Gold is regaining attention as a portfolio diversifier and hedge against traditional investments, especially after the March stock market sell-off.
Although gold has been a financial instrument for millennia, the metal remains misunderstood by financial advisors and others, some market observers say. Chuck Self, chief investment officer at iSectors, a financial advisory firm, says in some academic programs, such as the chartered financial analyst or certified financial planner program, gold is often dismissed as an asset that doesn’t have economic use.
“But the reality is, it’s hard to find another asset class that has zero correlation to both equities and fixed income and that’s very liquid,” he says.
It’s easier than ever to hold gold in a portfolio, whether it’s gold equities, gold-backed exchange-traded funds or holding physical metal in a self-directed individual retirement account. And, like any investment vehicle, holding gold has pros and cons.
Tom Essaye, founder and president of Sevens Report Research, says gold’s lack of correlation with traditional investments is what makes the yellow metal a good hedge. “That’s been proven out over years and years of research,” Essaye says. “And it’s proven its worth in this environment.”
Gold is generally uncorrelated from stocks and bonds because it’s not used in industry, unlike other metals. Gold is mostly used for jewelry, with investment demand the second-largest use category.
Essaye says there’s also a psychological aspect to gold. “Some people like having that perceived safety net, and I think that’s a really good marketing point for clients, especially with advisors. Gold can be a very strong crisis hedge,” he says.
Self says gold sits in the alternatives sleeve of a portfolio, and he prefers it to other portfolio alternatives such as private equity. Not only can the yellow metal can be used strategically or tactically, but the market is liquid and it’s inexpensive to hold, unlike other expensive alternatives that have lengthy lockup periods.

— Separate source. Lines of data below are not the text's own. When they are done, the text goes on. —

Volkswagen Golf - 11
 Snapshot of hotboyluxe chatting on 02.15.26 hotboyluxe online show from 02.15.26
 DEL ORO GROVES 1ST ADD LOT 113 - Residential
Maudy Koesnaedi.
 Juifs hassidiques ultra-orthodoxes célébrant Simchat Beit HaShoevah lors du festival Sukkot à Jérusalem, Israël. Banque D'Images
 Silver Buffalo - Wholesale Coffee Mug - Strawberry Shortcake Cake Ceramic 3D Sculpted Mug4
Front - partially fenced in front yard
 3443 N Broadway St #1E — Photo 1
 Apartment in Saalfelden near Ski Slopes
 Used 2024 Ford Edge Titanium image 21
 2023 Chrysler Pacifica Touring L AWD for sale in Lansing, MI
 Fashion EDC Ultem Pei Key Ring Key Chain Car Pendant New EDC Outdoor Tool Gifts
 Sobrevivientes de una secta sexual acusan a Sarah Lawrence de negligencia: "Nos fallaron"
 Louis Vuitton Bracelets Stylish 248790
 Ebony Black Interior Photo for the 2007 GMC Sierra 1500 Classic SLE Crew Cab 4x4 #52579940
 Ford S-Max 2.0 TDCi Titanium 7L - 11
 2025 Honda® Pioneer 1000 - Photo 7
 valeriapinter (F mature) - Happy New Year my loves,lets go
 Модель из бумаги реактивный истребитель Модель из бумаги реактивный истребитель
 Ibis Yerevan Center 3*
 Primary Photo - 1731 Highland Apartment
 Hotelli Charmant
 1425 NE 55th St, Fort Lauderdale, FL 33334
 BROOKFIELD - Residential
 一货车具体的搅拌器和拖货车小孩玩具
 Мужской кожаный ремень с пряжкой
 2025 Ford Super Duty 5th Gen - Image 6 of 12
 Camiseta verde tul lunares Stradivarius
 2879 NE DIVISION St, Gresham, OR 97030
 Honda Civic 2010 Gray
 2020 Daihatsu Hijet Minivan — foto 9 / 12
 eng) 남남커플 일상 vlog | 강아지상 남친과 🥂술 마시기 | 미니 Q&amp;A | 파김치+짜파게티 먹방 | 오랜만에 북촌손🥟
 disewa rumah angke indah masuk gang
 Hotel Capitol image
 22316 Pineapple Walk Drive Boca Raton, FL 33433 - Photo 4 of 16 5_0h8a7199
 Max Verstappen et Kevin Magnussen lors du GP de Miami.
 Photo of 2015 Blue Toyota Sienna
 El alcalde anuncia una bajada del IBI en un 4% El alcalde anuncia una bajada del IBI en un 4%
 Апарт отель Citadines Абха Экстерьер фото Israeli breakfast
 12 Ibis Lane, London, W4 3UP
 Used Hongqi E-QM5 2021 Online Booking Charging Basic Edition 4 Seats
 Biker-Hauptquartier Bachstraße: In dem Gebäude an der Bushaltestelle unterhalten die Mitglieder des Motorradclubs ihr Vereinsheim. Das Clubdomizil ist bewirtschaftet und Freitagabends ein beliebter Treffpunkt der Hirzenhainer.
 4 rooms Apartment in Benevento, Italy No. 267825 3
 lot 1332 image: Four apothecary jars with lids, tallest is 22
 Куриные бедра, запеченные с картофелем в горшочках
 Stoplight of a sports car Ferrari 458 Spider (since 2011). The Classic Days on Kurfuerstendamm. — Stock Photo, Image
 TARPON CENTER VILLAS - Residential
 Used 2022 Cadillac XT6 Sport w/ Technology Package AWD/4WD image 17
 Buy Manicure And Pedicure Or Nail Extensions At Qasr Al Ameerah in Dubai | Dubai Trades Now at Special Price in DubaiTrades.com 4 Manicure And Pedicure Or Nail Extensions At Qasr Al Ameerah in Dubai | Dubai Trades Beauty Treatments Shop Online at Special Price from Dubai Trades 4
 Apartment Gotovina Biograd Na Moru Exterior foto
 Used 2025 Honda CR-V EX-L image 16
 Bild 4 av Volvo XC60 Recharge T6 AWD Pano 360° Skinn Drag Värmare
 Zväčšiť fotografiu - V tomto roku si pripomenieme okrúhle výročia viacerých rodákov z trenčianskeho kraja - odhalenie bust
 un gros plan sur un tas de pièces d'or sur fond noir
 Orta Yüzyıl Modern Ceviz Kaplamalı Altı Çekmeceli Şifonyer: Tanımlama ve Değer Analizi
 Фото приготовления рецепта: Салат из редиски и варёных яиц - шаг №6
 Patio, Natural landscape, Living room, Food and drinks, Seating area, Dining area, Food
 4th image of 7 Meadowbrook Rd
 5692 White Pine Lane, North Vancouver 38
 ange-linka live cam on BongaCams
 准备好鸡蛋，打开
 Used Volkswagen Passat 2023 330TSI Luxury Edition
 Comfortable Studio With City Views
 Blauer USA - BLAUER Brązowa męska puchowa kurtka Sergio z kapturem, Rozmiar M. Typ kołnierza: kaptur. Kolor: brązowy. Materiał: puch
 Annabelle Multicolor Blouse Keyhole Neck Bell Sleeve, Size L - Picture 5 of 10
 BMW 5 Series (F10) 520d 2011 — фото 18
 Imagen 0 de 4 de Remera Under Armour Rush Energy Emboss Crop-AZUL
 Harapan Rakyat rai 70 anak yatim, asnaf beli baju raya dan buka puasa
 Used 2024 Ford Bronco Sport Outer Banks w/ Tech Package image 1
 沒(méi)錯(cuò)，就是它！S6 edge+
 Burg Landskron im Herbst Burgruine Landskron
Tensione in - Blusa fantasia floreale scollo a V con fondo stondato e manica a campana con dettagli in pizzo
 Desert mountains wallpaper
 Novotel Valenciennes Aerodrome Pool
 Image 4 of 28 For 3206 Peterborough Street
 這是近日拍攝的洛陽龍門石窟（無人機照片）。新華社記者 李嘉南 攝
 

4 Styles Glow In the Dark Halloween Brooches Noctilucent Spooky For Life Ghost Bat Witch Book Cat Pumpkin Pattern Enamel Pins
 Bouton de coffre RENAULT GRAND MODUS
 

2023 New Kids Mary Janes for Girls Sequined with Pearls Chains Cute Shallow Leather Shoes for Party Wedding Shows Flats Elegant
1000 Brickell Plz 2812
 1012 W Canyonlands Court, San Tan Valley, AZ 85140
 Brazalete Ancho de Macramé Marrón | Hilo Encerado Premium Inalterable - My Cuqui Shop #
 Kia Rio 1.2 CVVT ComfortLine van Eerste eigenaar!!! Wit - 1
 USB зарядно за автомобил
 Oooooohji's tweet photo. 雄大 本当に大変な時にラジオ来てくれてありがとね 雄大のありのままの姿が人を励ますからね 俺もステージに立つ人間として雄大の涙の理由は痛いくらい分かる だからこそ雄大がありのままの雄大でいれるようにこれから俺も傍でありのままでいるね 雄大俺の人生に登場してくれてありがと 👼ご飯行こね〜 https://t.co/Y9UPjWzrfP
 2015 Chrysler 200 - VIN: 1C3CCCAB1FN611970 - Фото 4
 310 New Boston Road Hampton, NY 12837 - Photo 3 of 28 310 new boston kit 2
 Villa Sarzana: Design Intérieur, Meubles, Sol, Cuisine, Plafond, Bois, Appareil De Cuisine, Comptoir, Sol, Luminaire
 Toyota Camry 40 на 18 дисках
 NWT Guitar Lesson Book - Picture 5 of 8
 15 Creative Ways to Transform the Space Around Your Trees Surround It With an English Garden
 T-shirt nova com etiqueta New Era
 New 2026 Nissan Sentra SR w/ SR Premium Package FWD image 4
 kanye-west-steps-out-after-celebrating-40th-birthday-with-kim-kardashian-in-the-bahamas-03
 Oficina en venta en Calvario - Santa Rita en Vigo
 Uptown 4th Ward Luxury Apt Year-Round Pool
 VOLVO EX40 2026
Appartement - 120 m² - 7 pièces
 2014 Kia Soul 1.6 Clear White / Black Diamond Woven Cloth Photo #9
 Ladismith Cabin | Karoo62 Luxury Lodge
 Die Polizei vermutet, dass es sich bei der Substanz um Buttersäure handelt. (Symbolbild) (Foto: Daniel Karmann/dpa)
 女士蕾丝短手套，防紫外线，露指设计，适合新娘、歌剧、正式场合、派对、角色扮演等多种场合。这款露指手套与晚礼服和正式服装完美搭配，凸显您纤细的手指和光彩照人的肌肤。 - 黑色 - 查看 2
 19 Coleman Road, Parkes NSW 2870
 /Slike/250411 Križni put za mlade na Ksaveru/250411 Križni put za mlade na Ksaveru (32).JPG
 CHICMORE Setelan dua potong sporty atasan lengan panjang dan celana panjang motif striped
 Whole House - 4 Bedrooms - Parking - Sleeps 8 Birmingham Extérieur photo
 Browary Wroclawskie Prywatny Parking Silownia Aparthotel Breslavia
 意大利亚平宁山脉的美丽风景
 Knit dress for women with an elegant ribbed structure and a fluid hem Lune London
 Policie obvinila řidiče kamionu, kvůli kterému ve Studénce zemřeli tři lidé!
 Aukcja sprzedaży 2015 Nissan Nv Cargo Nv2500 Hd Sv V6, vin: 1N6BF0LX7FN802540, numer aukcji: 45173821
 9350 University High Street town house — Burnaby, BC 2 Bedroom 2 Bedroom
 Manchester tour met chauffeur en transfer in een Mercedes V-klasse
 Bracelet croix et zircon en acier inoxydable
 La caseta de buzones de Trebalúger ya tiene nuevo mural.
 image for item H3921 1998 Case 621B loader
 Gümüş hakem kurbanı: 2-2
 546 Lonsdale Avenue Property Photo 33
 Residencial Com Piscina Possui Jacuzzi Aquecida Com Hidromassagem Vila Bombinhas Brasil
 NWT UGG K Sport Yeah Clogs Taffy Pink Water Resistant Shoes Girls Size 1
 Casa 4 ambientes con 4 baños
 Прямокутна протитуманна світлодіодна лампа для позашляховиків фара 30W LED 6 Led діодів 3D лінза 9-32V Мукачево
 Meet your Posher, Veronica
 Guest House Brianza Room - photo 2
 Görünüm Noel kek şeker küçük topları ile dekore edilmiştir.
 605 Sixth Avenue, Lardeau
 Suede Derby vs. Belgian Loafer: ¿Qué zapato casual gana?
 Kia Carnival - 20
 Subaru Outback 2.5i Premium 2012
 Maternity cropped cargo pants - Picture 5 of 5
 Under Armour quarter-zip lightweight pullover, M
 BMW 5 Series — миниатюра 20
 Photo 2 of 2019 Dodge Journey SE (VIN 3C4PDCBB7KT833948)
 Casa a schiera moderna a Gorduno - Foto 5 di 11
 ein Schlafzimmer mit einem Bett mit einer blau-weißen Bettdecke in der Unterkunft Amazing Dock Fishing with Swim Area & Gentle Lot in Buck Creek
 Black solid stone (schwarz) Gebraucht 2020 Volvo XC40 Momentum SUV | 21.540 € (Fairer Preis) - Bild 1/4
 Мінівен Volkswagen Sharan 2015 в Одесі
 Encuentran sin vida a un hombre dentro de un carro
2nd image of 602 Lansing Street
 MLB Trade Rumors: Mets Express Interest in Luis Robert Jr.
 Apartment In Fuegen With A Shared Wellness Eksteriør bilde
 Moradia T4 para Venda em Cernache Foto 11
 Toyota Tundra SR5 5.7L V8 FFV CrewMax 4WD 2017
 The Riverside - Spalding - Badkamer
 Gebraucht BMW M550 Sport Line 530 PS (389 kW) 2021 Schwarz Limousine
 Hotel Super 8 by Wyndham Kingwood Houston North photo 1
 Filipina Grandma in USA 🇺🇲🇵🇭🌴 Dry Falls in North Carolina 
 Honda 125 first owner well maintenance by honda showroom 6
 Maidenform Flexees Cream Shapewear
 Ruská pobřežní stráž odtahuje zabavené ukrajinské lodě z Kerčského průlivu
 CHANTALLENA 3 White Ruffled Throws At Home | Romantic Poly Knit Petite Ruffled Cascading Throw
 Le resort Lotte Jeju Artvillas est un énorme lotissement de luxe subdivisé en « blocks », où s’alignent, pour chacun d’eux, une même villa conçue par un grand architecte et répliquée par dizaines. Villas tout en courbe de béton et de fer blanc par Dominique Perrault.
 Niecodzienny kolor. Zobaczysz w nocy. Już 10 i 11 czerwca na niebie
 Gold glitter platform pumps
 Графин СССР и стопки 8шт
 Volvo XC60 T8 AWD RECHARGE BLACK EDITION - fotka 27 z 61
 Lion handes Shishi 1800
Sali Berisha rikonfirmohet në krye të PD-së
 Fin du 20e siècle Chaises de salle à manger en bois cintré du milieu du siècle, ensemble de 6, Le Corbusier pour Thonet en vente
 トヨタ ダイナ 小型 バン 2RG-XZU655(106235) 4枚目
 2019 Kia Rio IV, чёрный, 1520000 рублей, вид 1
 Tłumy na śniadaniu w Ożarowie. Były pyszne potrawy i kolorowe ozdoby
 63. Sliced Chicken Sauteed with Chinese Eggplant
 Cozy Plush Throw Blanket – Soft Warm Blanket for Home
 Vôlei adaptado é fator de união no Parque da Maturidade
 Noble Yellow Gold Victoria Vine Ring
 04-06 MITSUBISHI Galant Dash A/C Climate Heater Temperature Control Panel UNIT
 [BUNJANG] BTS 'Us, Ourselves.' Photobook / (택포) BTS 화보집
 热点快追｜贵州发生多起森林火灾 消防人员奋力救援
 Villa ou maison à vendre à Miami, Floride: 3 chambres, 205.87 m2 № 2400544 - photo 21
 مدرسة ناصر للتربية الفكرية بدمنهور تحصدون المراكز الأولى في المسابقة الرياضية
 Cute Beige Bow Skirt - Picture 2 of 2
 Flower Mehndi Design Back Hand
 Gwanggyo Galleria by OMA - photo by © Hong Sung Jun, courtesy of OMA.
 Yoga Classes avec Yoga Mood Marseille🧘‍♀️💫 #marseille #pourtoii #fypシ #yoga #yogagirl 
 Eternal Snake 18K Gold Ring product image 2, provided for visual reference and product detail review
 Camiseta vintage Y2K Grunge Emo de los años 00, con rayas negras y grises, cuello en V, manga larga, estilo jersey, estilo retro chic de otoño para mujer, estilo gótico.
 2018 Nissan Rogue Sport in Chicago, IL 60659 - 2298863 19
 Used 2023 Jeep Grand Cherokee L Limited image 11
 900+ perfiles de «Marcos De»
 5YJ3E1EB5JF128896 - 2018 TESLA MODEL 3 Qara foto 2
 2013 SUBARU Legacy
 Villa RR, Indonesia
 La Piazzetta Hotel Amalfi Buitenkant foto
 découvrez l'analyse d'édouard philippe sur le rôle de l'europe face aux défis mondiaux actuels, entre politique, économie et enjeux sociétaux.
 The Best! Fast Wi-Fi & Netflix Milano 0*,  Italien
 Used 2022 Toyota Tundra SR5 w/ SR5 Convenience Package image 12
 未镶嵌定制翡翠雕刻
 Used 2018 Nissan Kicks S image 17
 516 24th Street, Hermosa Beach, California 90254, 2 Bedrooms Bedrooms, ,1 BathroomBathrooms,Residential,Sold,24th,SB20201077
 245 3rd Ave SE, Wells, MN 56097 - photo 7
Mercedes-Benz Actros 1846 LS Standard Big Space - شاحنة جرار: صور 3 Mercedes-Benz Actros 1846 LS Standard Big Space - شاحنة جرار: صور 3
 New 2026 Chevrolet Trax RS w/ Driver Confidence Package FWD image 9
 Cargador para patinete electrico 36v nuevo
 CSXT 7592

“You can get a gold ETF with an expense ratio as low as 17 basis points,” he says.
The World Gold Council, an industry group, says in 2019, gold’s traded volume averaged $145 billion daily, similar to the average daily trading volume for the S&P 500 and one-to-three-year U.S. Treasury notes.
Gold equities and gold ETFs are the easiest ways to own gold. Self says he uses gold equities tactically. Gold-miner shares benefit when the metal’s value rises, which pushes up stock prices, making the shares a leverage bet on the gold price. Gold-backed ETFs track spot gold prices using physical gold held in vaults. Self says these are more useful as strategic positions.
A common rule-of-thumb is to have 5% to 10% allocated to gold, Essaye says, depending on a person’s risk tolerance, although Self says he’s used between 10% and 15%.